| SUPPLIED MATERIAL |
-- Opening Marker --

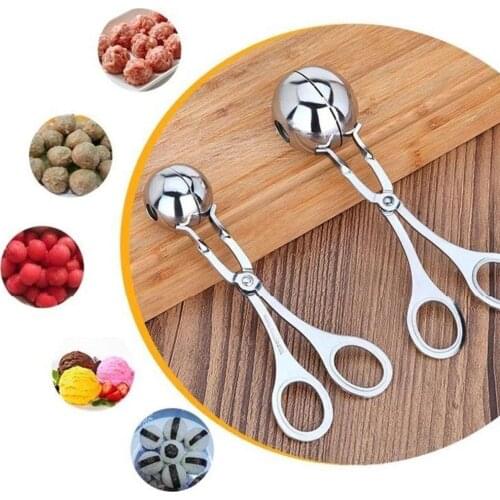 Steel Maker Meatball Clip Meatball Maker Rice Round Roll Ball Maker For Making Ball Clip Fish Y6Z8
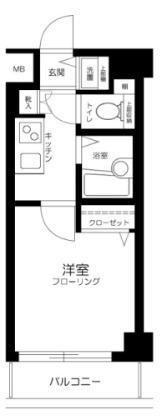 トーシンフェニックス上北沢ツインコート(1K/3階)の間取り写真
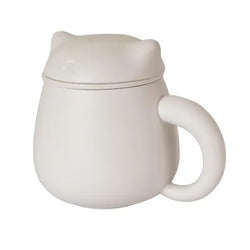Mug with Infuser and Lid - White Cat
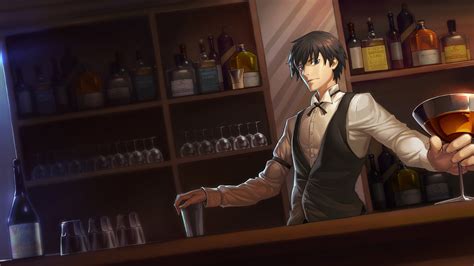 Bartender anime character graphic wallpaper, anime, Darker than Black, Hei, anime boys HD ...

-- Closing Marker --

Reproduce the material above in full, images excluded.

 Steel Maker Meatball Clip Meatball Maker Rice Round Roll Ball Maker For Making Ball Clip Fish Y6Z8
 トーシンフェニックス上北沢ツインコート(1K/3階)の間取り写真
Mug with Infuser and Lid - White Cat
 Bartender anime character graphic wallpaper, anime, Darker than Black, Hei, anime boys HD ...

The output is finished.